Une ordonnance sur requête du 7 avril 2011 conduit à l’expulsion d’un terrain appartenant au département de la Seine Saint Denis. Celle-ci est justifiée par les difficultés rencontrées par l’huissier pour recueillir les identités des occupants. L’ordonnance sur requête n’ayant pas permis aux occupants de bénéficier d’une procédure contradictoire, ces derniers ont saisi le juge des référés afin de demander son annulation, la reconnaissance de leur préjudice moral et la réintégration dans les lieux.

Le premier juge a rejeté cette demande.

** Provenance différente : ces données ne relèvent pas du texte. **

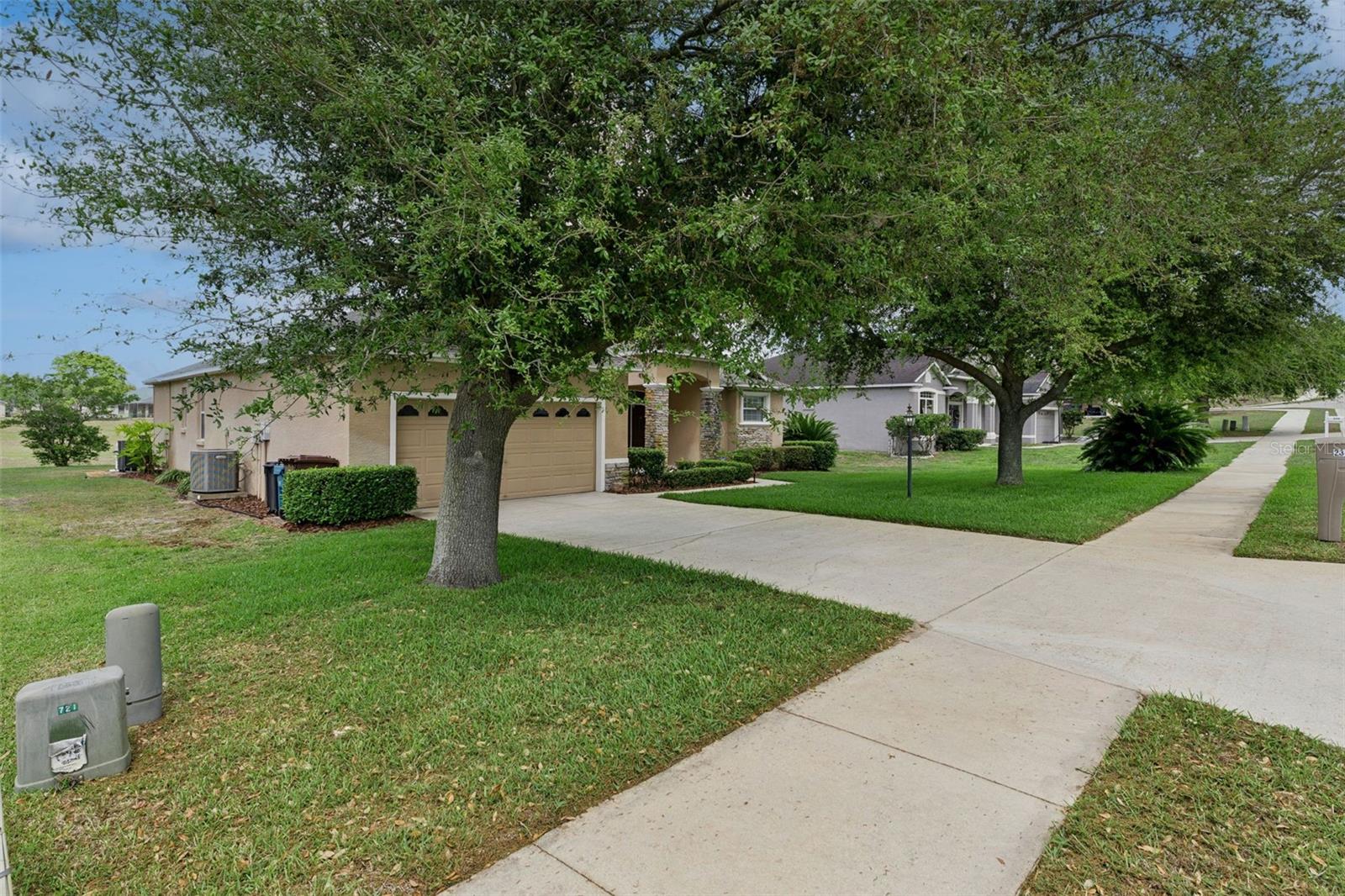 DINNER LAKE SHORES PH 03 - Residential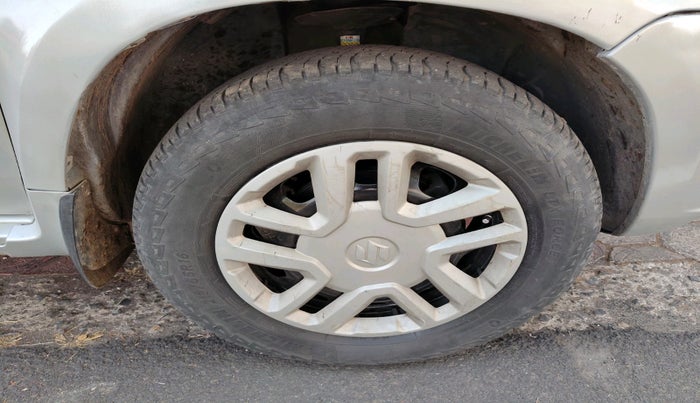 2014 Nissan Terrano XL (D), Diesel, Manual, 84,909 km, tyre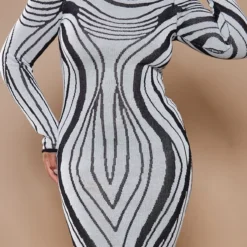 Plus Robe Longue En Maille Tricot Rayée Noir Et Blanc -Promos Jupe Éthérée Boutique e939a86163ec0fb60af4d3d54385c69442d24a54 cnb2035 4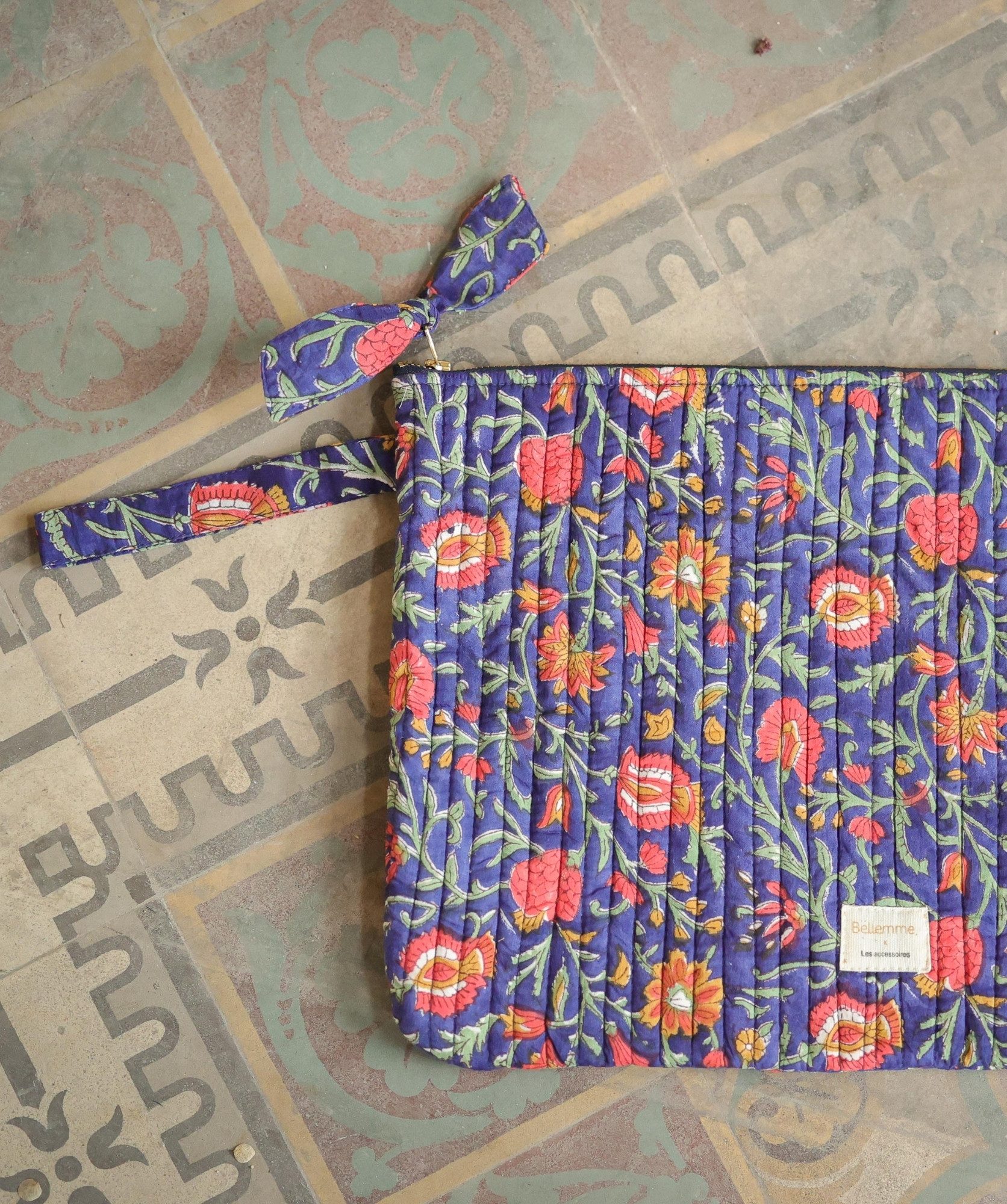 Pochette très grand format Harrison / 15′ – Mina Indigo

En appel, le juge ordonne la rétractation de l’ordonnance sur requête en retenant que les seules diligences accomplies par l’huissier pour recueillir l’identité des personnes « ne suffisent pas à démontrer [qu’elles] n’étaient pas identifiables ou qu’il était impossible de les identifier, alors en particulier que cet huissier ne s’est adressé qu’à l’une d’elles. »

En revanche, le juge ne retient pas le préjudice moral subi par les personnes, n’accorde aucun dommages et intérêts et rejette leur demande de réintégration dans les lieux.

 

>> La Cour dans cet arrêt, s’accorde sans surprise avec la jurisprudence classique selon laquelle, il ne doit pas être fait d’usage abusif de la procédure d’ordonnance sur requête, celle-ci devant rester exceptionnelle. (TGI Bobigny, 21 septembre 2001, n° 11/01168 ; CA Paris, 22 juin 2011, n° 10/19587 et n° 10/19549 )

Malgré l’annulation de cette ordonnance, nous pouvons regretter le refus de la Cour d’octroyer des dommages et intérêts au requérant et d’ordonner la réintégration sur le terrain.

L’ordonnance sur requête doit rester exceptionnelle puisqu’elle ne respecte pas le principe du contradictoire(la CEDH considère d’ailleurs que ce principe est un élément constitutif d’un procès équitable – CEDH 24 février 2011, n°33908/04, Benet Praha, Spol s.r.o. c/ République Tchèque), ce que le juge reconnaît sans en tirer les conséquences.